### Task instructions
Leaving out the images, return the data below exactly as it is written.
-- Data excerpt follows --
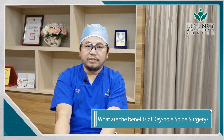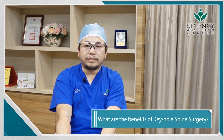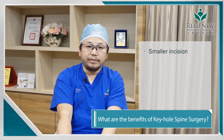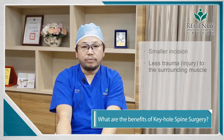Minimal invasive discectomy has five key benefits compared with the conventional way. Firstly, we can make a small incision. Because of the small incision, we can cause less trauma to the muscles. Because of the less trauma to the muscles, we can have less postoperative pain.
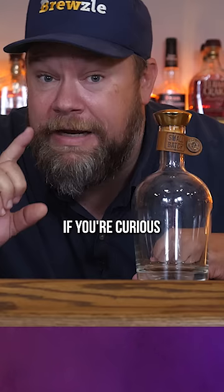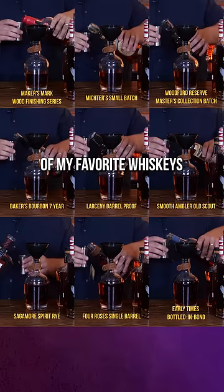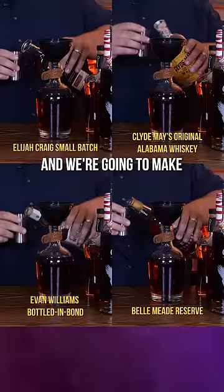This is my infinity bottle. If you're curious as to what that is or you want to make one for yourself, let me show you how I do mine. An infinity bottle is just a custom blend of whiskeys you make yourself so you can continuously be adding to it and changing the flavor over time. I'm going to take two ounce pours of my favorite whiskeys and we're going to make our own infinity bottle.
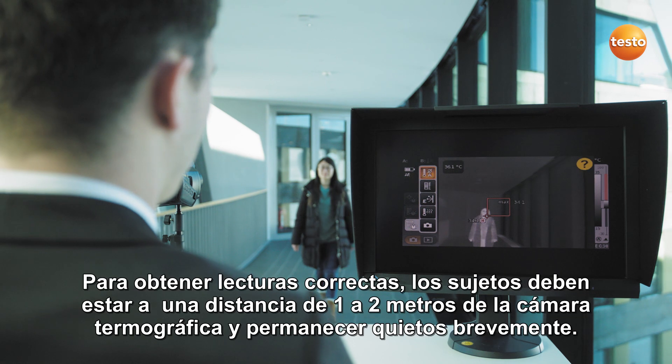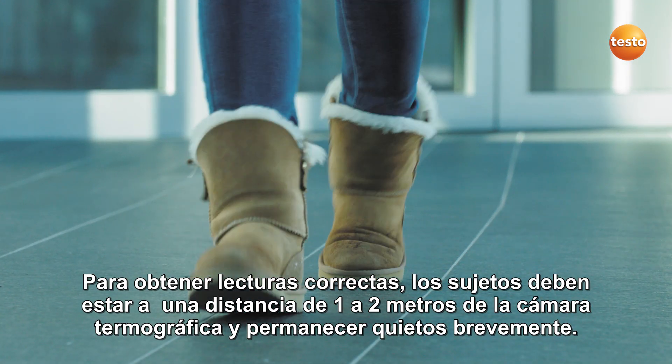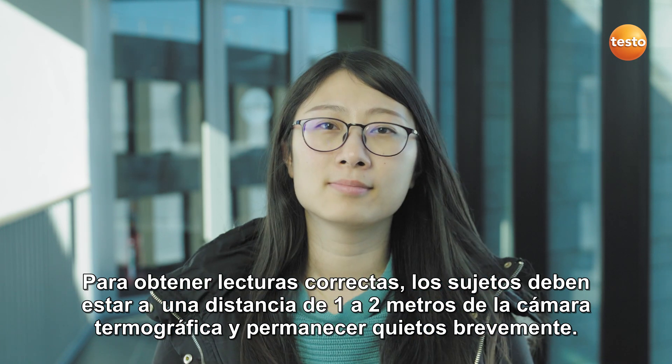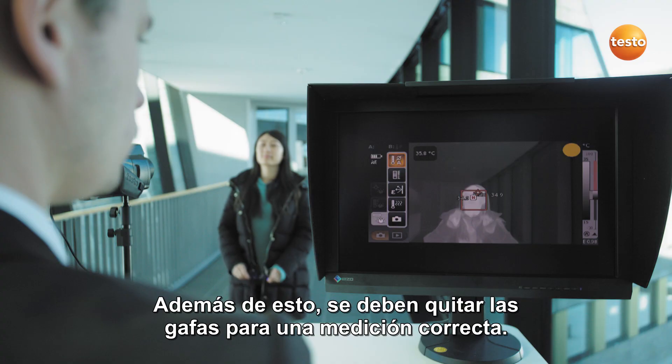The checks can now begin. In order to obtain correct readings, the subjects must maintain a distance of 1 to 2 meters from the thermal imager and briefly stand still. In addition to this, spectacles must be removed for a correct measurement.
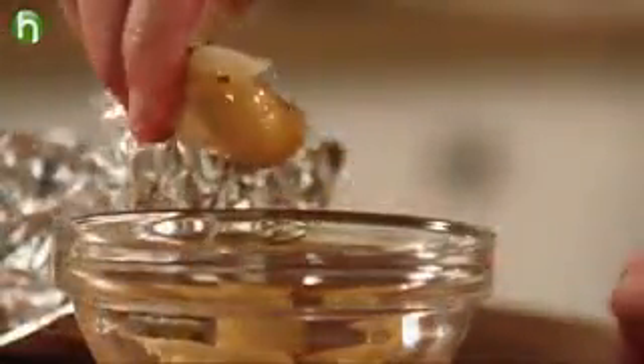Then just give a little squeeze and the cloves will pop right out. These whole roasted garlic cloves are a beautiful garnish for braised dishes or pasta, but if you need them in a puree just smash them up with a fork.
-- Data excerpt concluded --
### Answer to the exercise
Minimal invasive discectomy has five key benefits compared with the conventional way. Firstly, we can make a small incision. Because of the small incision, we can cause less trauma to the muscles. Because of the less trauma to the muscles, we can have less postoperative pain.
This is my infinity bottle. If you're curious as to what that is or you want to make one for yourself, let me show you how I do mine. An infinity bottle is just a custom blend of whiskeys you make yourself so you can continuously be adding to it and changing the flavor over time. I'm going to take two ounce pours of my favorite whiskeys and we're going to make our own infinity bottle.
The checks can now begin. In order to obtain correct readings, the subjects must maintain a distance of 1 to 2 meters from the thermal imager and briefly stand still. In addition to this, spectacles must be removed for a correct measurement.
Then just give a little squeeze and the cloves will pop right out. These whole roasted garlic cloves are a beautiful garnish for braised dishes or pasta, but if you need them in a puree just smash them up with a fork.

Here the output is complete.